Budd says hackers can buy login data for next to nothing.

“There’s so many out there that the cyber criminals can go out, pay a few cents per record - literally - and get information that they can use to turn around and log in,” says Budd.

And that’s what makes the Attorney General’s 2021 data breach report so alarming.

This year, companies reported 280 data breaches. That’s up from 60 last year.

And those companies sent 6.3 million notices to Washington consumers, up nearly 500 percent from 2020.

“Now, we know what that scale is,” says Washington Attorney General Bob Ferguson. “And it’s not just a red flag, Jesse. It’s a bullhorn being announced to the whole state that we have a big, big problem.”

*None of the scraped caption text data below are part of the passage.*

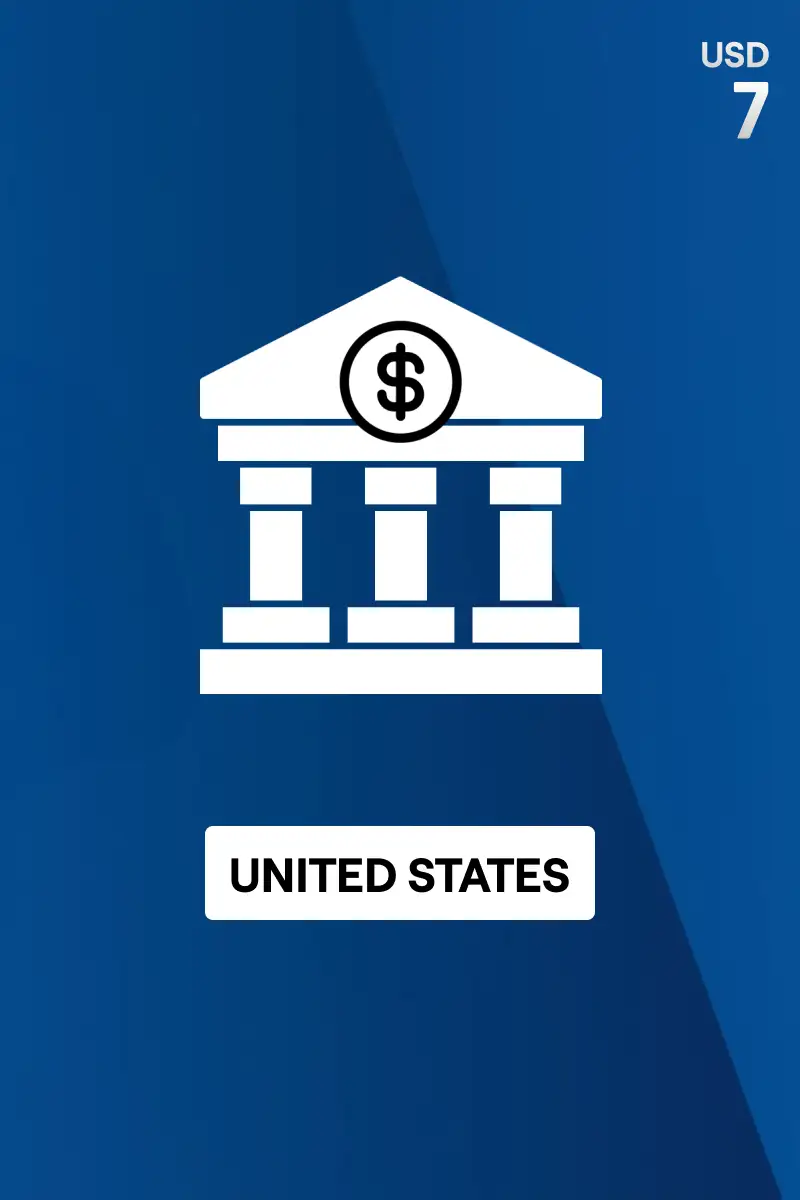 Rewarble Bank Transfer 7 USD Gift Card (United States) - Rewarble - Digital Key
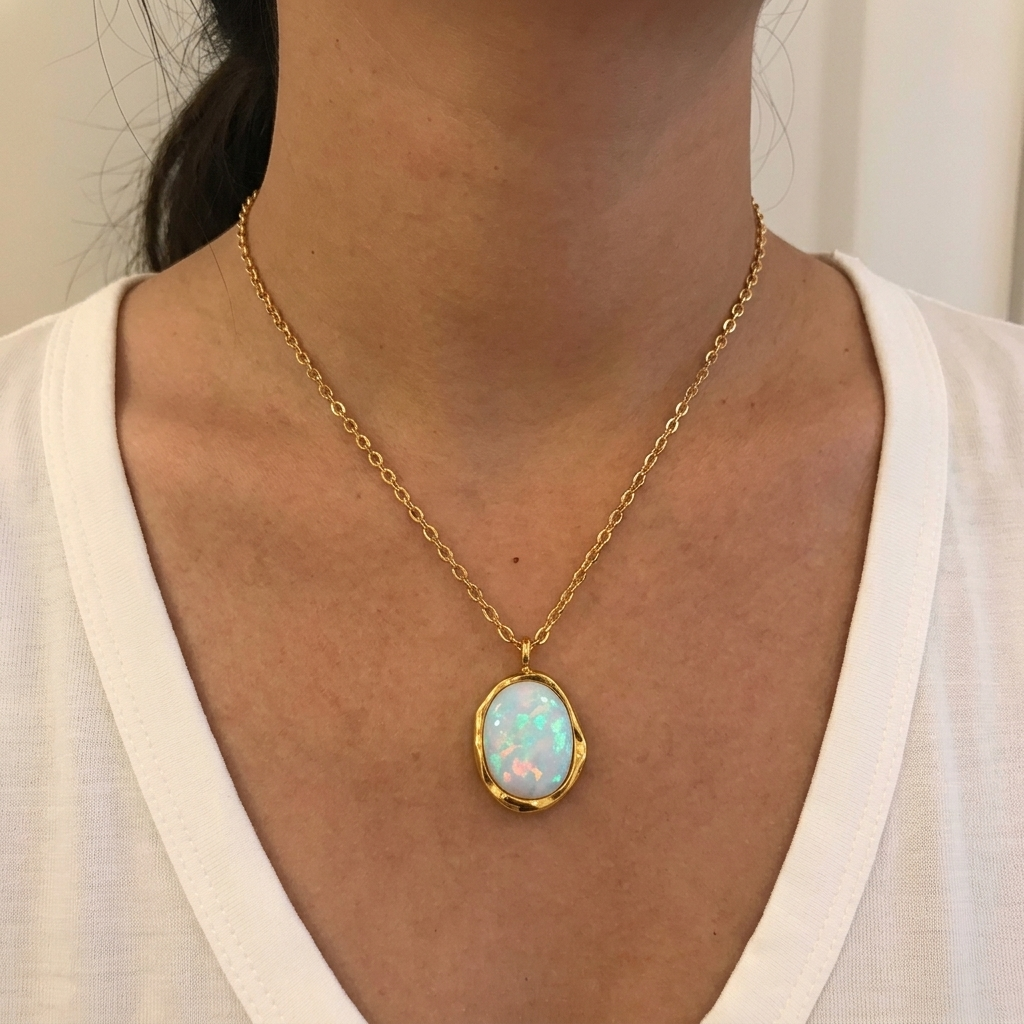 Opal Necklace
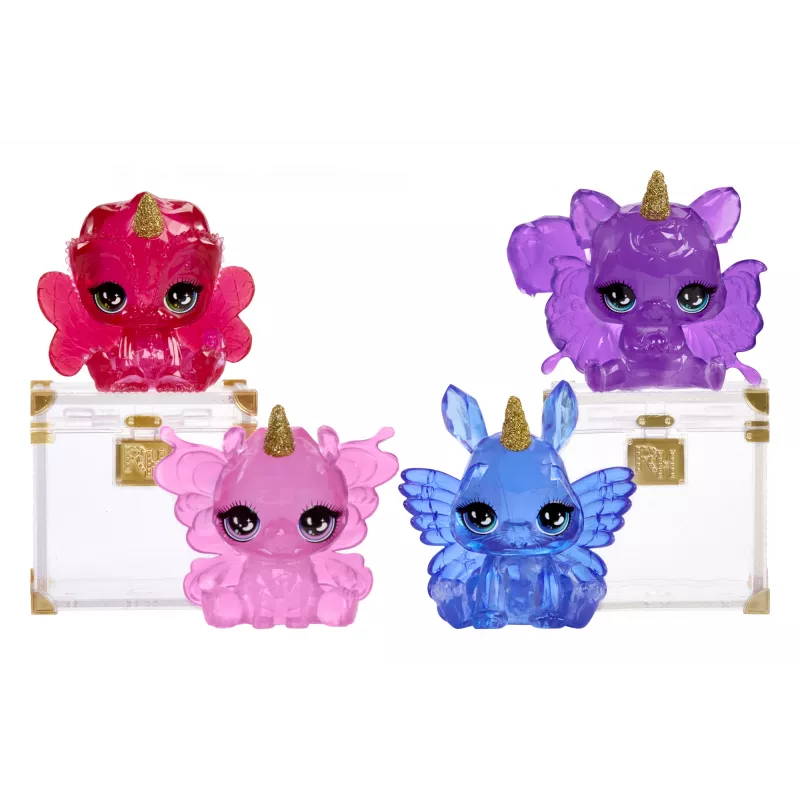 Rainbow High Rainbow Shimmers su šlamučiu mados lėlė - Bella (rožinė)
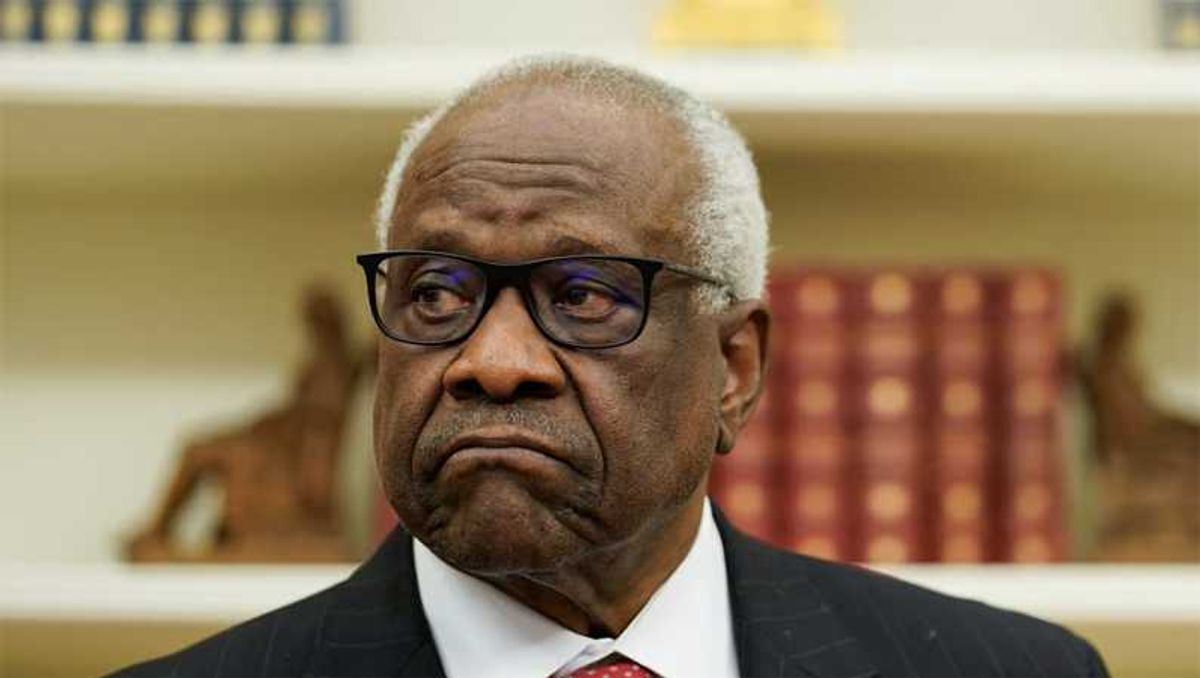 Clarence Thomas' 'guts' questioned as controversial Trump ruling looms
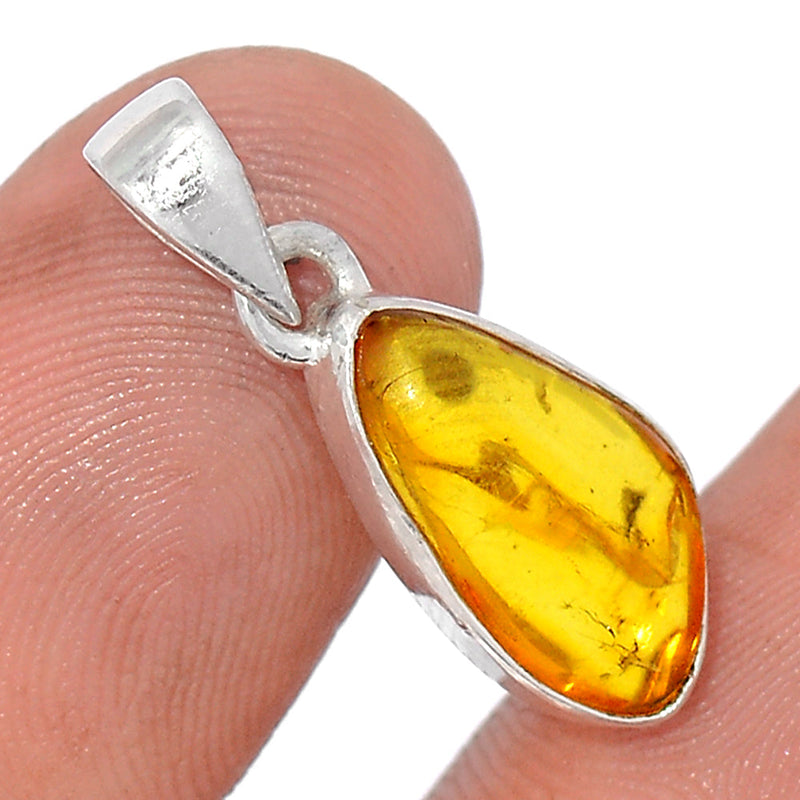 1" Baltic Amber Pendants - BAMP985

Businesses which have suffered data breaches that impact more than 500 Washington consumers must notify the AG’s office and consumers.

Another problem: ransomware. 150 cases were reported this year, which is more than the last five years combined.

“Whether you are a business that’s getting shut down because someone got all of your information and they are demanding a lot of money before they give it back to you, or you are an individual at your home, it’s stressful,” says Ferguson. “It’s financially very challenging and it jeopardizes all of your personal information.”

Some of those victims came from the Accellion breach. That’s the file sharing company that was attacked while it stored the personal information of more than a million residents for the State Auditor’s Office.

Exposed in that breach: names, social security numbers, dates of birth, bank account numbers, addresses and emails.

The question is: is this ever going to stop?

“No time soon, I’m afraid. And it’s not going to because it’s profitable,” says Budd.

And as long as it’s making money, consumers must coordinate their own data defense.

Do these things to protect your life online:

Use a password manager

You should have separate - and secure - passwords for each online account you have. Yes, that means Amazon should be different than Facebook which should be different than TikTok and Walmart or any other online retailer.

Christopher Budd recommends LastPass and 1Password.

Use multi-factor authentication

As the report above indicates, it’s only a matter of time before your personal data gets exposed. So it’s important to make it hard on the hackers. Multi-factor authentication adds another layer of protection by making you go through another step after putting in your password, like getting a text with a security code sent to your phone.

You can also use an app. Security experts say that is more secure because some scammers will go as far as “SIM swapping” to get control of your phone.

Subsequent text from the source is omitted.